Autant de questions à charges qui doivent nous interpeller et nous obliger à prendre dur recul. En effet la vie n’est pas blanche ou noire, « elles gris claire ou gris foncée ». L’Allemagne n’a aucun intérêt à faire imploser l’Europe et encore moins reproduire des comportements qui l’on mené à la ruine. Il ne faut donc pas laisser un sentiment de Germanophobie se développer car le peuple allemand n’est pas forcement responsable des décisions politiques de leur chancelière. A l’inverse il ne faut pas pratiquer ce Germano-Masochisme qui est en train de tuer la force de l’Europe : sa diversité.

Cette Allemagne est au cœur de toutes les discussions politiques, car il est l’un des rares de la zone Euro à bien se porter quand la grande majorité des autres nations connaissent une croissance négative ou nulle, et de graves problèmes de chômage. En effet, sa balance commerciale est largement excédentaire (+ 152,4 milliards d'euros en 2010) [1], quand celle de la majorité des autres États membres accuse un fort déficit (France (-64,1 Mds), Espagne (-51,8 Mds), Italie (-27,3 Mds), Grèce (-22,4 Mds), Portugal (-20,0 Mds)). L’Allemagne est donc citée en modèle par nombre des dirigeants européens, et vantée pour son industrie, sa capacité d’innovation, sa fiscalité…
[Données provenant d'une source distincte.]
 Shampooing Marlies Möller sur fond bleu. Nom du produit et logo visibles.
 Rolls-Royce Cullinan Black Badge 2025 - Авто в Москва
Dans le même temps, les chiffres sont accablants, notamment pour les pays du Sud de l’Europe, parmi les plus endettés et les plus déficitaires. Angela Merkel concluait donc le 17 mai 2011, que dans ces pays « peu travailleurs », il faudrait que l’on arrête de « partir à la retraite plus tôt qu'en Allemagne » et « d’avoir beaucoup de vacances quand d'autres en ont très peu »[2]. Heureusement, si ces pays fainéants, France inclue, travaillent peu, ils consomment ! En effet, l’Allemagne exporte à 60 % au sein de la zone euro, et surtout, y réalise près de 56% de son excédent commercial, 79 % si on élargit à l’UE à 27[3] ! Sa part de marché dans la zone euro a augmenté de près de 15 points depuis 2002. D’où la germanophobie.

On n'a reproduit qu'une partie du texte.